TASK DESCRIPTION -> I need the lines from the one holding "Nゲージ対応 樹木30本セット - 3.5cm高" to the last line of the data below repeated exactly, both included, without pictures.

EXCERPTED DATA ->
--- START ---

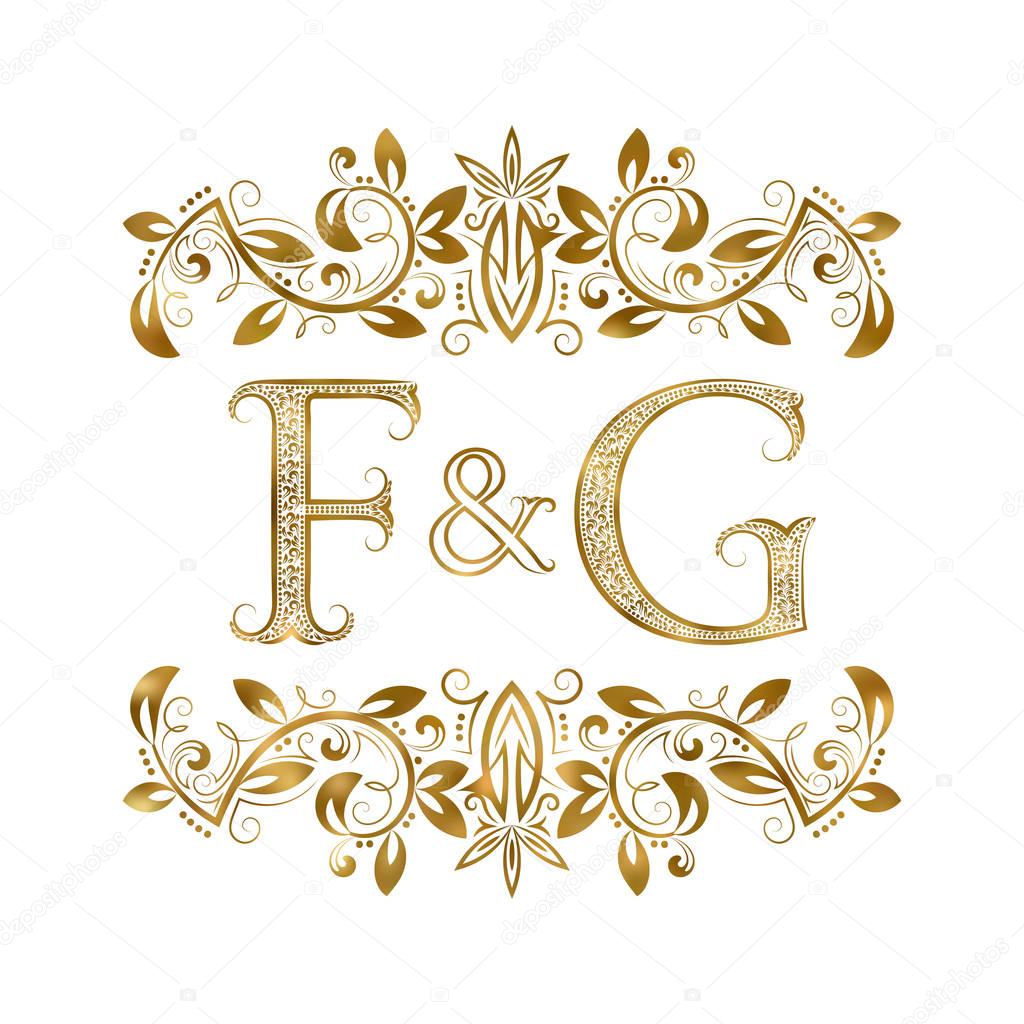 F and G vintage initials logo symbol. The letters are surrounded by ornamental elements. Wedding or business partners monogram in royal style.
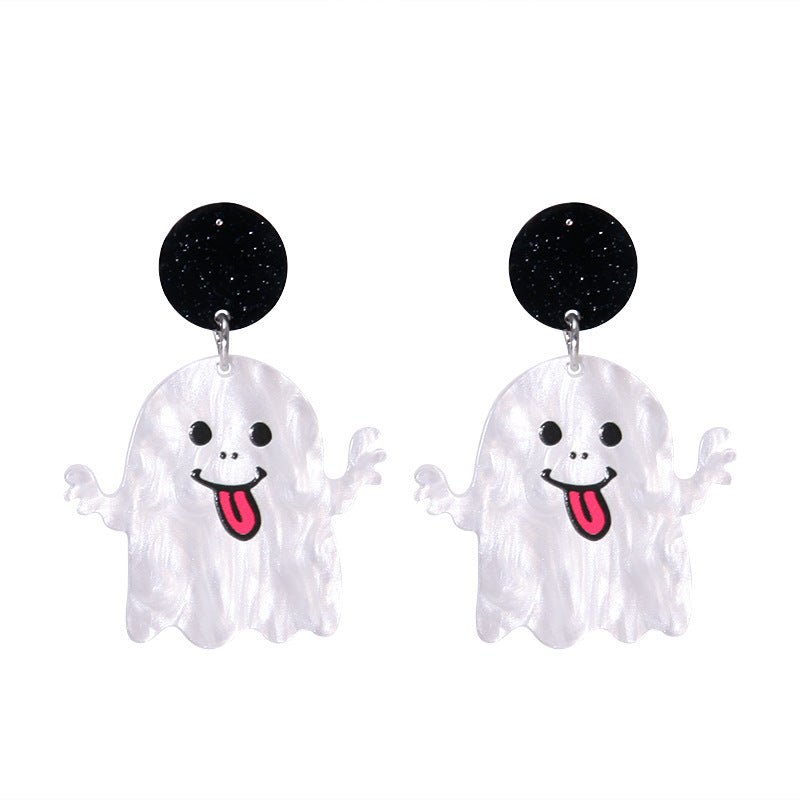 Creative Halloween Series Cartoon Funny Fun Acrylic Plate Earrings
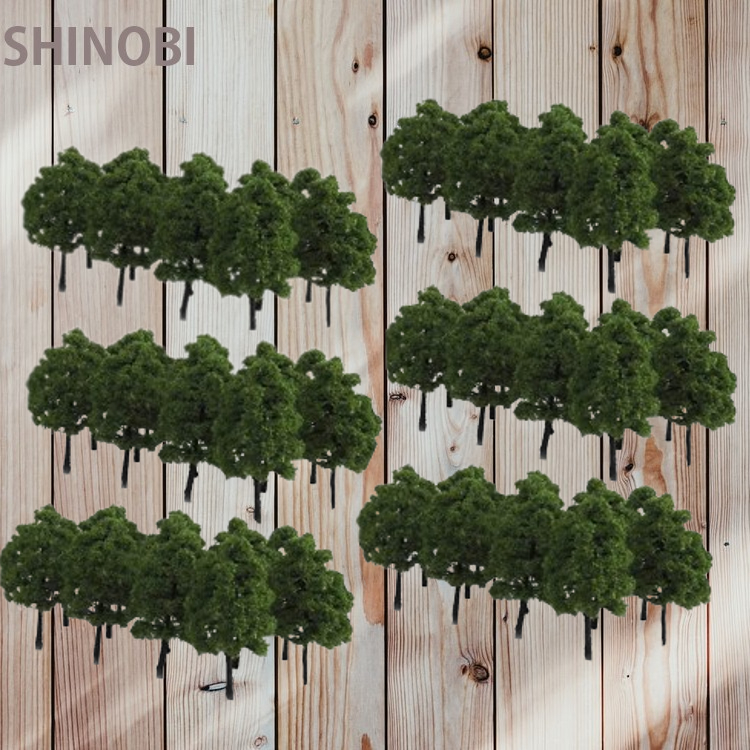Nゲージ対応 樹木30本セット - 3.5cm高 濃緑色 材質(プラスチック+樹脂) 模型用 風景 箱庭 装飾 鉄道模型 ジオラマ制作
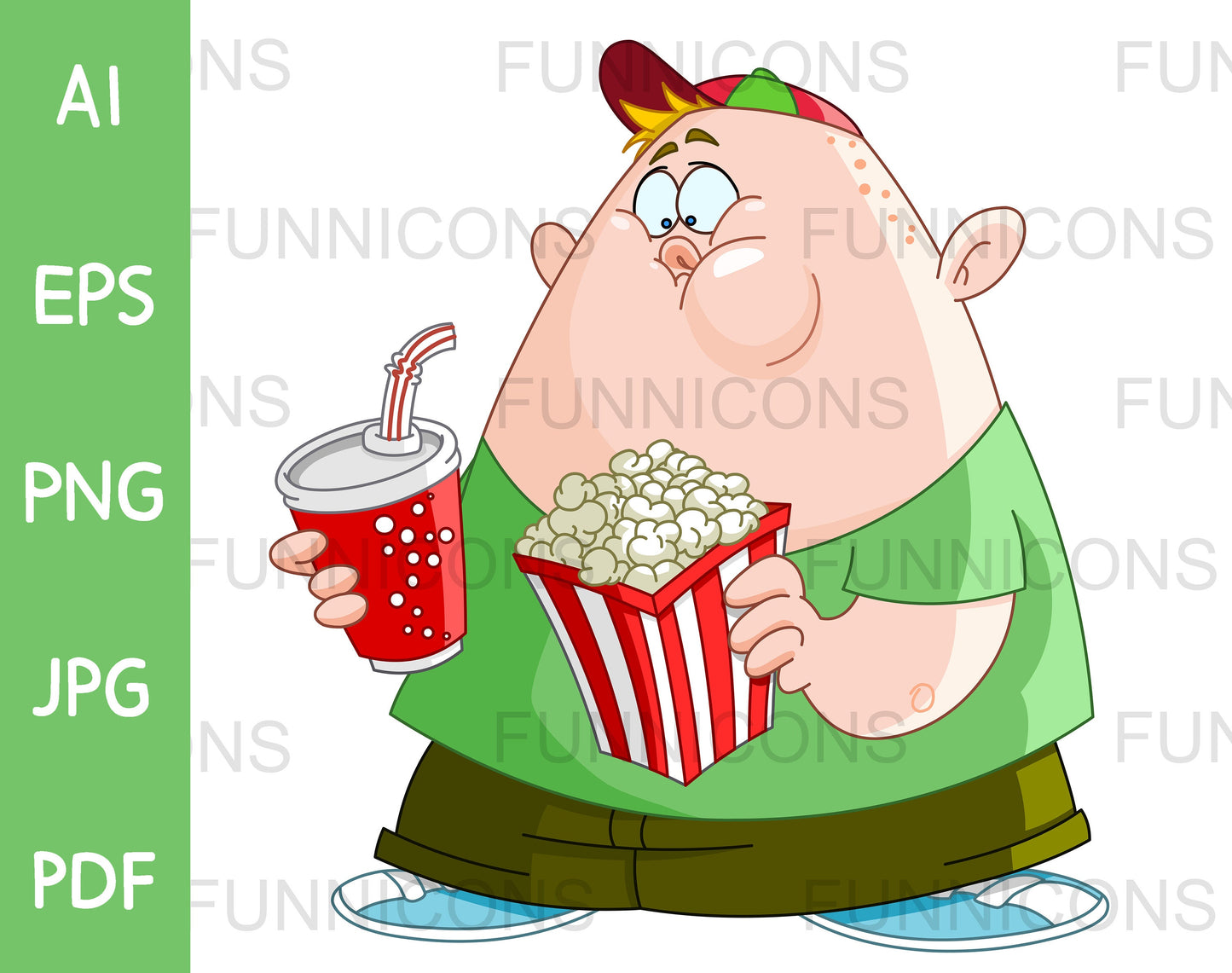 Chubby Boy with Movie Popcorn and Soda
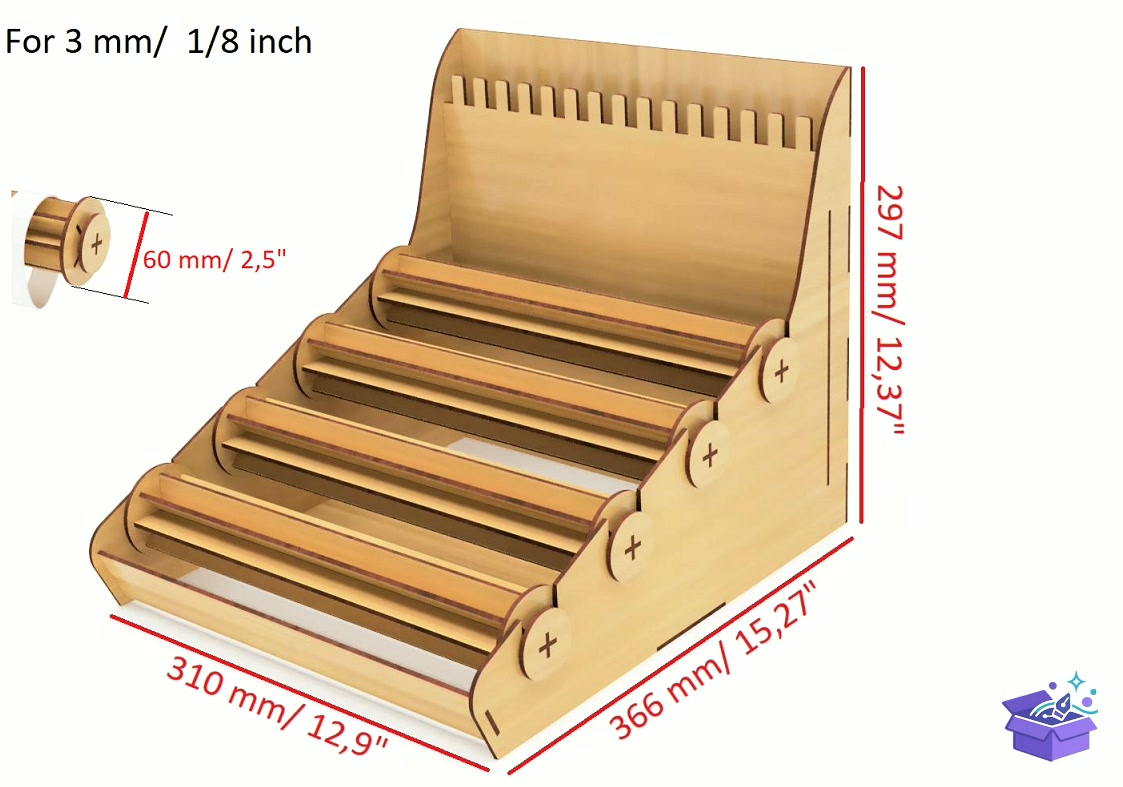 Lazer Kesim Display Stand For Bracelets - Lazer Kesim ve Çizim Dosyası (SVG, DXF, EPS, PNG) - detaylı önizleme 2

--- END ---

RESPONSE AREA ->
Nゲージ対応 樹木30本セット - 3.5cm高 濃緑色 材質(プラスチック+樹脂) 模型用 風景 箱庭 装飾 鉄道模型 ジオラマ制作
 Chubby Boy with Movie Popcorn and Soda
 Lazer Kesim Display Stand For Bracelets - Lazer Kesim ve Çizim Dosyası (SVG, DXF, EPS, PNG) - detaylı önizleme 2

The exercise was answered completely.